Do we notice Paul’s expanded description of what it means to be devoted to one another? When we truly are devoted to someone, we love them like a brother, we give them preference, we pray for them, we are hospitable to them, we rejoice and weep with them, and we understand our relationship with them. Beyond all of this, who does this behavior indicate that we serve? The answer is clear — we are “serving the Lord” when we are devoted to one another.

All people, even family members, have situations arise where there may be conflict. If we are devoted to one another, these situations have a remedy. Paul reminds us, “bless and do not curse.” Where do we learn this behavior? It is part of our being saved, being holy, being transformed — we learn it from God himself: “Be kind to one another, tender-hearted, forgiving each other, just as God in Christ also has forgiven you.” (Ephesians 4:32)

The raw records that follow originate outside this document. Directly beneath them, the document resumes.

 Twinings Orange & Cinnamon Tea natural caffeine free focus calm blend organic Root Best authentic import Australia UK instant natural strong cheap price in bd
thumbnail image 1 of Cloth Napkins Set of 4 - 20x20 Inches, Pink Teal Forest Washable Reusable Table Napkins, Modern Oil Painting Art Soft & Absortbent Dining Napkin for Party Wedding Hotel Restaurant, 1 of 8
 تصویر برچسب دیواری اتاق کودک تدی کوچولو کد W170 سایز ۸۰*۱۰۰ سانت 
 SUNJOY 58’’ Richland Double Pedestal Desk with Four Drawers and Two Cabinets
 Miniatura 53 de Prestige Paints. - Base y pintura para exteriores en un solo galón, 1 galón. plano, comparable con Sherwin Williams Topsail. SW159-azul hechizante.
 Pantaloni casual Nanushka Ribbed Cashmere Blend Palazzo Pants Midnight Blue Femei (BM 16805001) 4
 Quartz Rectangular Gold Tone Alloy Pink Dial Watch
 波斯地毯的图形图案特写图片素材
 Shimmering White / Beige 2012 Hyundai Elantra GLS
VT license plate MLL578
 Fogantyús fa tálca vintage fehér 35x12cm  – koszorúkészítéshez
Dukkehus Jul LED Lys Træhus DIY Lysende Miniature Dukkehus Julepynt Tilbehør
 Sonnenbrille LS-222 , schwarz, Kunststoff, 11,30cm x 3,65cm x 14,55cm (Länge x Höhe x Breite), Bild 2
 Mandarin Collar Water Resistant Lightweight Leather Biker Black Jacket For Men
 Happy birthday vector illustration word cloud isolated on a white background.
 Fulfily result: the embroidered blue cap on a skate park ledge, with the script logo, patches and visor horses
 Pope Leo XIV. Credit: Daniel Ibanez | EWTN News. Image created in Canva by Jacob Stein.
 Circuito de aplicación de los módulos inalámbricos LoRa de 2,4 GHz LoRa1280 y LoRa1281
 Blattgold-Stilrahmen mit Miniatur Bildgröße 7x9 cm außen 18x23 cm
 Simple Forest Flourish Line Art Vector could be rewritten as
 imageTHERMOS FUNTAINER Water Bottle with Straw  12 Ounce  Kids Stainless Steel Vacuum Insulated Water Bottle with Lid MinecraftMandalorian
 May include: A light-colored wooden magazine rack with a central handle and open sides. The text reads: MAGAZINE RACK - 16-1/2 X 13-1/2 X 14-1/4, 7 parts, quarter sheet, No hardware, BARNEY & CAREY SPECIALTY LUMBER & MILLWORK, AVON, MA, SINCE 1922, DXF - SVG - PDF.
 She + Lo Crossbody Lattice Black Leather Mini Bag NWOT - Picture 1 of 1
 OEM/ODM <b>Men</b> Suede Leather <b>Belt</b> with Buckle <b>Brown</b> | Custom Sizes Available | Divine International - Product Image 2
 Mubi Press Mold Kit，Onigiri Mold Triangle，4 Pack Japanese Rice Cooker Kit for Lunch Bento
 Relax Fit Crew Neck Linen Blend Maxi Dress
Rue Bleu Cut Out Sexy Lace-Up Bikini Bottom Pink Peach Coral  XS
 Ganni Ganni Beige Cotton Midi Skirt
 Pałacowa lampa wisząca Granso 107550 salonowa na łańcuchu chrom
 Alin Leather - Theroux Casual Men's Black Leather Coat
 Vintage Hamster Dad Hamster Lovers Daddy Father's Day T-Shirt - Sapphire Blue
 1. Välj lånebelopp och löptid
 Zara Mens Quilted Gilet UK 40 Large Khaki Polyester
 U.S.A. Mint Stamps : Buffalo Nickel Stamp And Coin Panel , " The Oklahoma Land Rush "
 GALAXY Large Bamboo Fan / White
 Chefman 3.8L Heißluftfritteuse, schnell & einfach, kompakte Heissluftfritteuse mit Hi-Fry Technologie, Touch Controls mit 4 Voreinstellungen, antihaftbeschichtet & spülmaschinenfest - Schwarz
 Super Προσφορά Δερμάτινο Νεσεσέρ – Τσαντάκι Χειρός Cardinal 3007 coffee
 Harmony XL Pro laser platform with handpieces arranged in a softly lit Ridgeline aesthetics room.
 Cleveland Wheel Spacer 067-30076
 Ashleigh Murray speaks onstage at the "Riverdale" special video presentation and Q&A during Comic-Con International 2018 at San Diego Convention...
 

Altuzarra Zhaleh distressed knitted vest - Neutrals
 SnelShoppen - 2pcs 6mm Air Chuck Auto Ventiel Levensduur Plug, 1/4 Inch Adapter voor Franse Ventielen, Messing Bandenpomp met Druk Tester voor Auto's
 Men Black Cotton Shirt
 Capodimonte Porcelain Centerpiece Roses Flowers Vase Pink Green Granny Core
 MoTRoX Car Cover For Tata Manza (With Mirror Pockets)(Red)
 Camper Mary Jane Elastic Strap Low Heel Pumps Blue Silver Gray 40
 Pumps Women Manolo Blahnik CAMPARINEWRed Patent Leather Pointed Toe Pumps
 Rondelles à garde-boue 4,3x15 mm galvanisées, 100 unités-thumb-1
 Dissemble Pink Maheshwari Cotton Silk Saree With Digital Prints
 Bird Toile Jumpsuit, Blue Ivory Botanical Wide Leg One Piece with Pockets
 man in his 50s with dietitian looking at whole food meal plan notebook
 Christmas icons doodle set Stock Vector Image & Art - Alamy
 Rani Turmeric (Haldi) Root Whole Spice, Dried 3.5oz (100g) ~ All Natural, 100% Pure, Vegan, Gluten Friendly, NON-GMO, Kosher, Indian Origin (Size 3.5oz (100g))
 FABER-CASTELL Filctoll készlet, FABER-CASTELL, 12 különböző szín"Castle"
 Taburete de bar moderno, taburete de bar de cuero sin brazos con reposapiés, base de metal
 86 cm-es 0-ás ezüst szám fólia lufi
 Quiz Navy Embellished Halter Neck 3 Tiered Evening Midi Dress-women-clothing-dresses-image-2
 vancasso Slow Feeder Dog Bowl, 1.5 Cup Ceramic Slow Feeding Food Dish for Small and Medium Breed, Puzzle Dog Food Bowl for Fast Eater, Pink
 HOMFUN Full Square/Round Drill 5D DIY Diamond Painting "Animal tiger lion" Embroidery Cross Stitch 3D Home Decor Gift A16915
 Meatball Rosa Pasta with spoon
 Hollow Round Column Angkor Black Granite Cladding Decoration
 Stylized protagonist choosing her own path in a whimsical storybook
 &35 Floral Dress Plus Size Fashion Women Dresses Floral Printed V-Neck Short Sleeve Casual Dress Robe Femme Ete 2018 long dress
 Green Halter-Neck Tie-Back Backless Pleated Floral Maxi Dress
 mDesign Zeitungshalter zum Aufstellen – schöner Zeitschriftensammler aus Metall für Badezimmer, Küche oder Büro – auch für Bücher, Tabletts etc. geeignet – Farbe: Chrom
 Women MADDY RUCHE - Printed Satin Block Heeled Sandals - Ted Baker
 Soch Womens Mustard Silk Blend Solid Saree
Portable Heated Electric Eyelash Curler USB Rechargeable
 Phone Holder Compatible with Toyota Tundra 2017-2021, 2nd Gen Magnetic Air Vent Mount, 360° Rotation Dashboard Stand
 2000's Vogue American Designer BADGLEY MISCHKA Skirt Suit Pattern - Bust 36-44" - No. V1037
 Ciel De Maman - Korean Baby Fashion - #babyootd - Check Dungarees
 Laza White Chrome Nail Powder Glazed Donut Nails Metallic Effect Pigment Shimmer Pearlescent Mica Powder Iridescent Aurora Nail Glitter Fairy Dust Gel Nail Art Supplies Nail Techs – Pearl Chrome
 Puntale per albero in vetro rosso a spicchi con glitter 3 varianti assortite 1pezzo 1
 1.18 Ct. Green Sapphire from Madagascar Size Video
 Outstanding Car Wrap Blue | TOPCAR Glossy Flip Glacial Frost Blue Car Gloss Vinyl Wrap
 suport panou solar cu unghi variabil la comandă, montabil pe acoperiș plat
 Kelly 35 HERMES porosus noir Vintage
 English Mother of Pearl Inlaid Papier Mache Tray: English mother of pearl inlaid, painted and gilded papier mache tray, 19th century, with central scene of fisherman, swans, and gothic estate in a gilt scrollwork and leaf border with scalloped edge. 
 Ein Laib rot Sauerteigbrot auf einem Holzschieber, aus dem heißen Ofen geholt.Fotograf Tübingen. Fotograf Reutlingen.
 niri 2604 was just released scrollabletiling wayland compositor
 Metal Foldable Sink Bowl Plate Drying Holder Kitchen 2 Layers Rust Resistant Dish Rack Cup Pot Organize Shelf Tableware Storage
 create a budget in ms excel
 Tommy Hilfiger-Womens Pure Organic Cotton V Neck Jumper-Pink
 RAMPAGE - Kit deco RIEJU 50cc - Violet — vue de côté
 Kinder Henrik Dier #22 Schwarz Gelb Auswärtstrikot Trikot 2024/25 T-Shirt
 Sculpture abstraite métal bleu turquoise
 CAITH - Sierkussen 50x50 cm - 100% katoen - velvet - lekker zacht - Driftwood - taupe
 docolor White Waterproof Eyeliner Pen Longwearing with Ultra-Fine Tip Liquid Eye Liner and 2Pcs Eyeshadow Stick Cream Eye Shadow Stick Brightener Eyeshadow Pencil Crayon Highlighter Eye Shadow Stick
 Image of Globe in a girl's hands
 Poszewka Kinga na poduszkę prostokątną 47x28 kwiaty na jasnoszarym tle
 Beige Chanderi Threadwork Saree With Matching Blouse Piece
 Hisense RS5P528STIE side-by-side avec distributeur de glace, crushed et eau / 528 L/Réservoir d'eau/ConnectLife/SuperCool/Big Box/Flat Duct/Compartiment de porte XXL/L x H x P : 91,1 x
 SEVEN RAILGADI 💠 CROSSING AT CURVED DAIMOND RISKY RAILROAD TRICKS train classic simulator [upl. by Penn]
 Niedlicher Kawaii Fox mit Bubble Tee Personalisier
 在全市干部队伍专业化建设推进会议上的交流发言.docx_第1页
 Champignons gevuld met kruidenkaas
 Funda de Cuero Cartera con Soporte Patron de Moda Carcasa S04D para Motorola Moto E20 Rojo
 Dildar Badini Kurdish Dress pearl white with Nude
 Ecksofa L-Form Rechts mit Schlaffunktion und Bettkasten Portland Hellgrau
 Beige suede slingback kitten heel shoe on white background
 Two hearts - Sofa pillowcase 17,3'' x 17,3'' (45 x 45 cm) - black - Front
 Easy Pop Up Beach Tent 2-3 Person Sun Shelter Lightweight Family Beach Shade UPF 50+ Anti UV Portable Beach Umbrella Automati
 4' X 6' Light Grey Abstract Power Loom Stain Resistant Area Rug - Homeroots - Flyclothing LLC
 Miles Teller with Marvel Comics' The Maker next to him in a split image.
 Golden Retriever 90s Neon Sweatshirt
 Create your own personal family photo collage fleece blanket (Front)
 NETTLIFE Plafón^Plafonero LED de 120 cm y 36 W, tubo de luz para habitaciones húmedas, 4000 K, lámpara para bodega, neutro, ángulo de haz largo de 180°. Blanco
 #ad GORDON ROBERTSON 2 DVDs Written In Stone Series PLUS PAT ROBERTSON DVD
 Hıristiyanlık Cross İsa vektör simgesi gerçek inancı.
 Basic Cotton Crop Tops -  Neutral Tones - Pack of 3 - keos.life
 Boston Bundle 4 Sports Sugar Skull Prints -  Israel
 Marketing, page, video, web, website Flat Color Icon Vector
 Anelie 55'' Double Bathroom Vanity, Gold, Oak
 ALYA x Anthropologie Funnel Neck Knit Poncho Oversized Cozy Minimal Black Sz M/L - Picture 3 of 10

It may be easy for some of us to be devoted to our physical families. Are we even more devoted to our spiritual family? When we are as devoted as we ought to be, this attitude carries over to even our secular relationships. Paul tells us, “So then, while we have opportunity, let us do good to all people, and especially to those who are of the household of the faith.” (Galatians 6:10). This idea of doing good to all men ties us to our next “B.”

“B” in Subjection

To be in subjection is to “know our designated rank or place.” Can you imagine how terrible a world would be where no one respected their fellow man or did not respect any authority? Those who are saved, holy, transformed, and devoted can’t be like this. In continuing with Paul’s message in the letter to the Romans, notice:

“Every person is to be in subjection to the governing authorities. For there is no authority except from God, and those which exist are established by God. Therefore whoever resists authority has opposed the ordinance of God; and they who have opposed will receive condemnation upon themselves. For rulers are not a cause of fear for good behavior, but for evil. Do you want to have no fear of authority? Do what is good and you will have praise from the same; for it is a minister of God to you for good. But if you do what is evil, be afraid; for it does not bear the sword for nothing; for it is a minister of God, an avenger who brings wrath on the one who practices evil. Therefore it is necessary to be in subjection, not only because of wrath, but also for conscience’ sake. For because of this you also pay taxes, for rulers are servants of God, devoting themselves to this very thing.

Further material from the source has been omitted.